Wow! This link is very helpful. I took a look and also found my dog's food here. These are the kinds of things new expats just don't know about such as where to get basic things like dog food or leashes, if needed. There are the big box stores you are used to but don't know the names of ones overseas - particularly for the European stores. I'm in the US. 

What is this store? Is it sort of a Target equivalent in Spain? It seems like they have good prices, too. 

Thank you!


----------



## Rvgirl42 (May 27, 2020)

Rvgirl42 said:


> Wow! This link is very helpful. I took a look and also found my dog's food here. These are the kinds of things new expats just don't know about such as where to get basic things like dog food or leashes, if needed. There are the big box stores you are used to but don't know the names of ones overseas - particularly for the European stores. I'm in the US.
> 
> What is this store? Is it sort of a Target equivalent in Spain? It seems like they have good prices, too.
> 
> Thank you!


Just had to add that this website really took a lot of stress off me. Thanks again. They have a delivery membership, as well. I was concerned about getting pots, pans, a mattress, etc., and really in this day and age I don't have to interact with anyone. I can order a lot of basic things online from there and have them delivered. Furniture I would want to see in person but I can't tell you how much I appreciate this. Prices are good, even without the sale. Some comparable to the US and some cheaper.


----------



## kalohi (May 6, 2012)

Rvgirl42 said:


> Wow! This link is very helpful.

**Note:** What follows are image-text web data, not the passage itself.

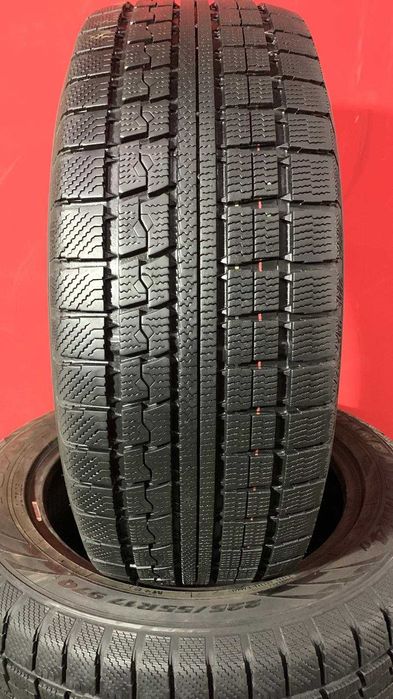 225/55/17 Toyo Winter Tranpath MK4a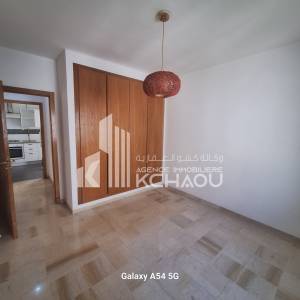 Ariana Ville&nbsp;Riadh Landlous&nbsp;Vente&nbsp;Appart. 1 pi�ce&nbsp;A  s1 a riadh el andalous ref535a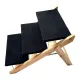 3 Steps Portable Dog Cat Pet Stairs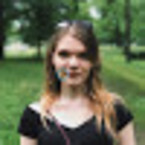 Марина Алиева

I took a look and also found my dog's food here. These are the kinds of things new expats just don't know about such as where to get basic things like dog food or leashes, if needed. There are the big box stores you are used to but don't know the names of ones overseas - particularly for the European stores. I'm in the US.
> 
> What is this store? Is it sort of a Target equivalent in Spain? It seems like they have good prices, too.
> 
> Thank you!


No, El Corte Inglés is not sort of a Target! It's a big department store, but it's upscale and also generally pricey.They have a lower cost version more on par with Target which is called Hipercor. Other big box stores more like Target or Walmart would be Carrefour and Alcampo. They all have online ordering.


----------



## CltFlyboy (Feb 11, 2020)

We were amazed at how much variety El Corte Ingles has when we went to the one in Tarragona a year and a half ago. You're from the US, so imagine taking Whole Foods, Lowe's or Home Depot, Macy's and a bunch more stores and putting them under one roof. We were impressed - they seemed to have everything and more.


----------



## Chopera (Apr 22, 2013)

I believe El Corte Inglés is the biggest department store chain in Europe. I've always been impressed with how they manage to provide everything you could wish for, without resorting to a "stack 'em high, sell 'em cheap" philosophy. Yes you do pay a bit extra there, but you generally get a better qulaity of product and service along with it.


----------



## xicoalc (Apr 20, 2010)

Chopera said:


> I believe El Corte Inglés is the biggest department store chain in Europe. I've always been impressed with how they manage to provide everything you could wish for, without resorting to a "stack 'em high, sell 'em cheap" philosophy. Yes you do pay a bit extra there, but you generally get a better quality of product and service along with it.


Service tends to be very good in el corte inglés. I do tend to do christmas shopping (or some) there because they wrap it for you!! When we got married, we used their travel agency for the honeymoon and they organised every little detail including some surprises for us during the week and were very attentive. We also always buy our christmas jamón there too... and they are great, my OH likes more tocino and they actually cut it so we can see inside before we buy it! 

For furniture they are a bit pricey on things like beds, sofas etc. But there are lower cost big chain places such as conforama which have pretty much everything you need to kt out a house.


----------



## Max Rigger (Aug 2, 2020)

The Ikea Spain website is multilanguage so click English. Google chrome browser translates sites to English.


----------



## NickZ (Jun 26, 2009)

Max Rigger said:


> The Ikea Spain website is multilanguage so click English. Google chrome browser translates sites to English.


If you do that you'll never learn the local words.


----------